▶ **Exercise instructions**
Please set down exactly the lines from the one that contains "HP 205 G3 AIO" through the end of the material, leaving out every picture.
+---+
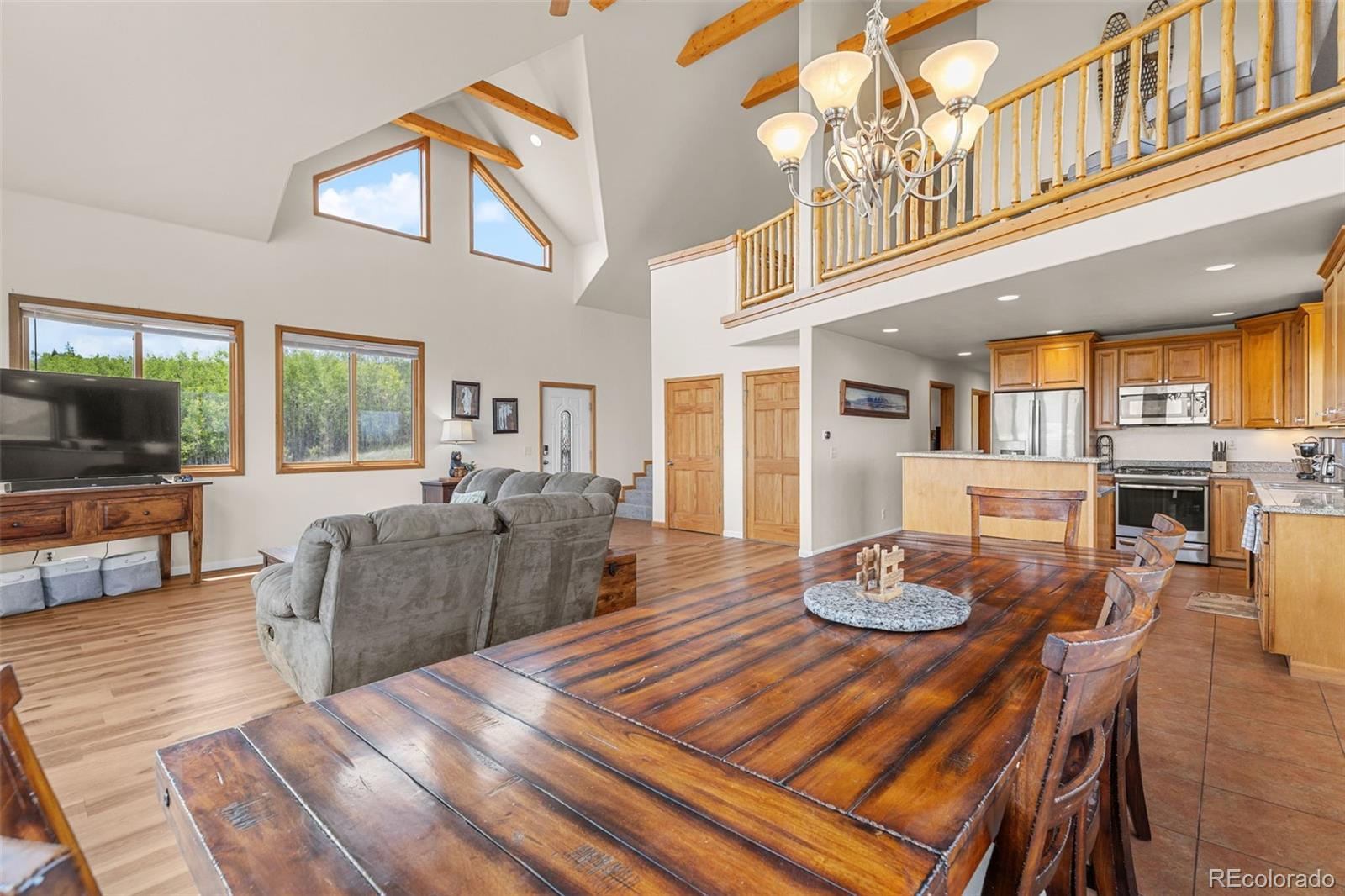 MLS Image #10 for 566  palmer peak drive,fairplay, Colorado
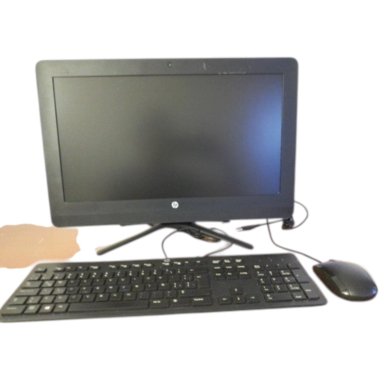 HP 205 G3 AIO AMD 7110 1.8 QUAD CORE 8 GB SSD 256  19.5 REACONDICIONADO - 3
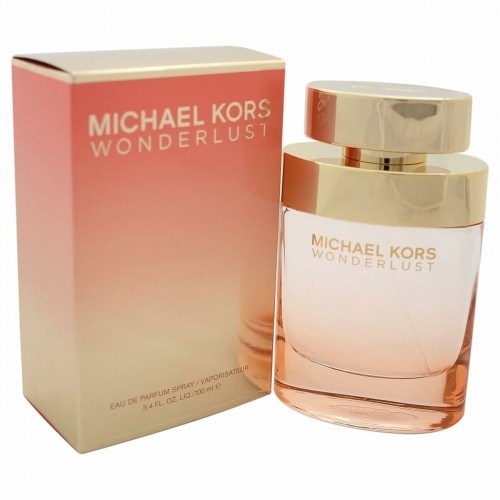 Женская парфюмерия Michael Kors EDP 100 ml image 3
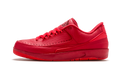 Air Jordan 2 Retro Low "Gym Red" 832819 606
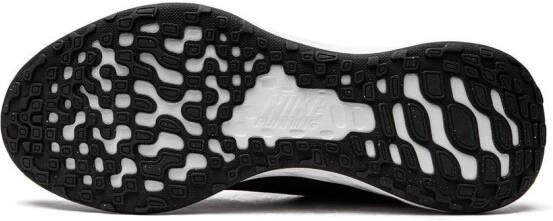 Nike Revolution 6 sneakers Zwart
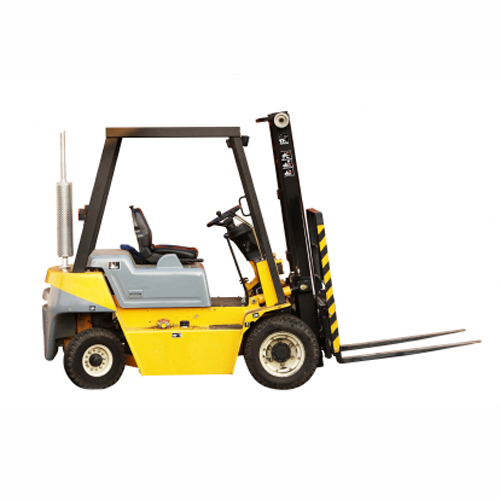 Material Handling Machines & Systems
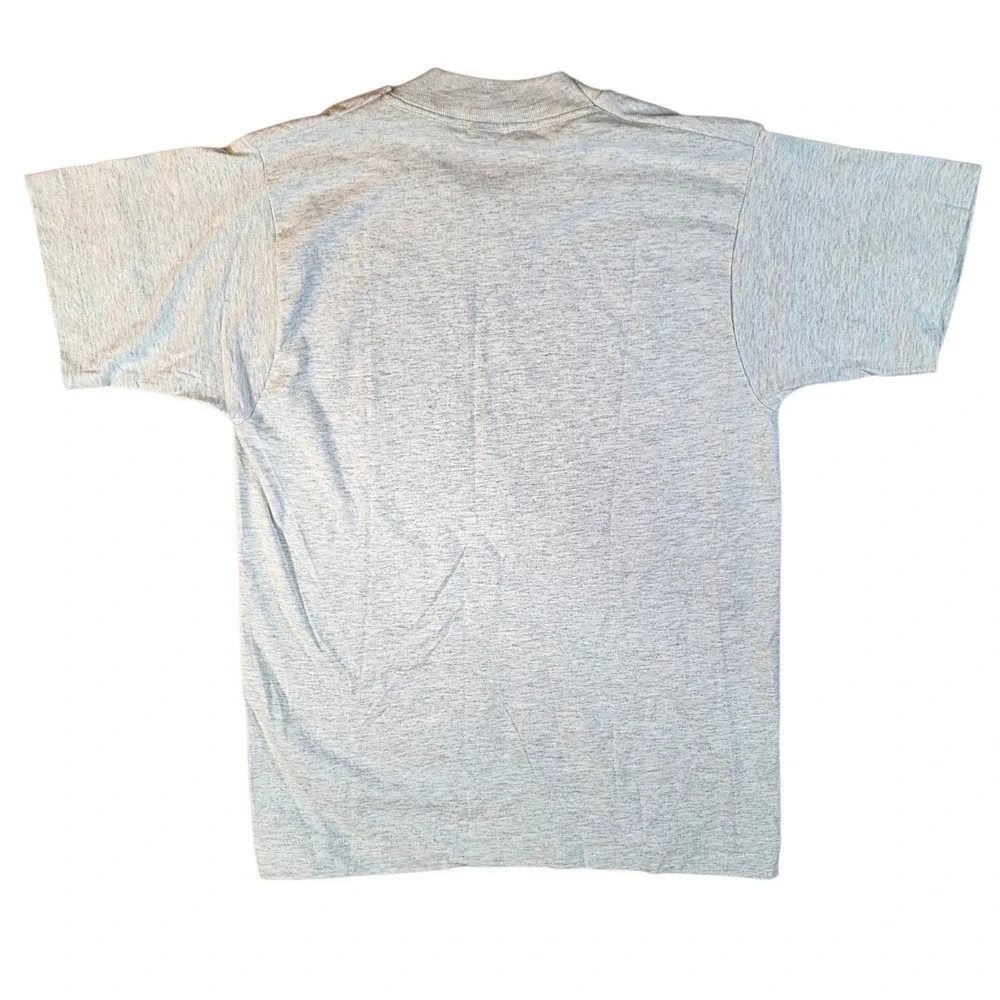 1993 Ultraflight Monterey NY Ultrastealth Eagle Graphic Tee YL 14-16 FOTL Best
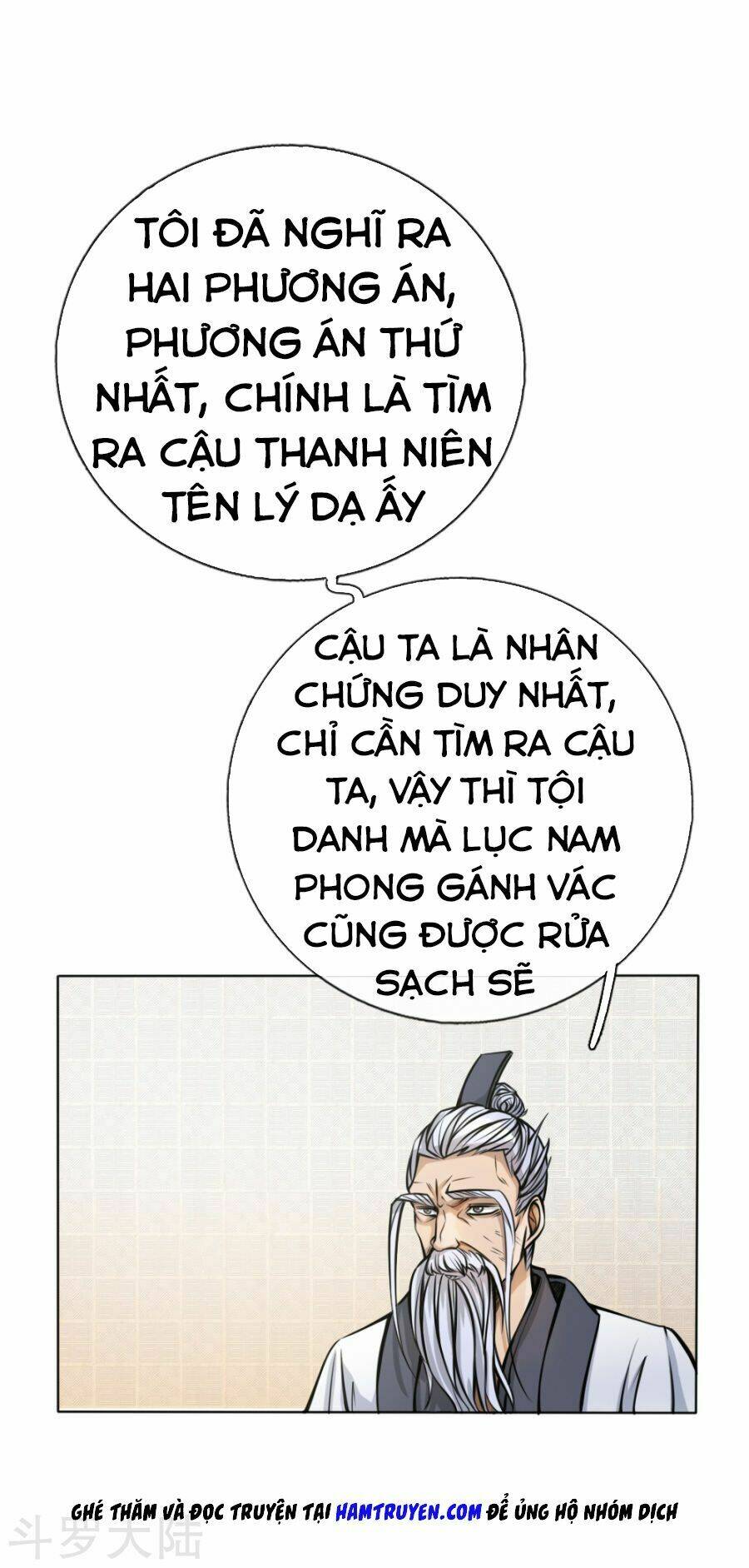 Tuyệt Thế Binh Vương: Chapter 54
+---+
▶ **Response**
 HP 205 G3 AIO AMD 7110 1.8 QUAD CORE 8 GB SSD 256  19.5 REACONDICIONADO - 3
 Женская парфюмерия Michael Kors EDP 100 ml image 3
 Air Jordan 2 Retro Low "Gym Red" 832819 606
 Nike Revolution 6 sneakers Zwart
 Material Handling Machines & Systems
 1993 Ultraflight Monterey NY Ultrastealth Eagle Graphic Tee YL 14-16 FOTL Best
 Tuyệt Thế Binh Vương: Chapter 54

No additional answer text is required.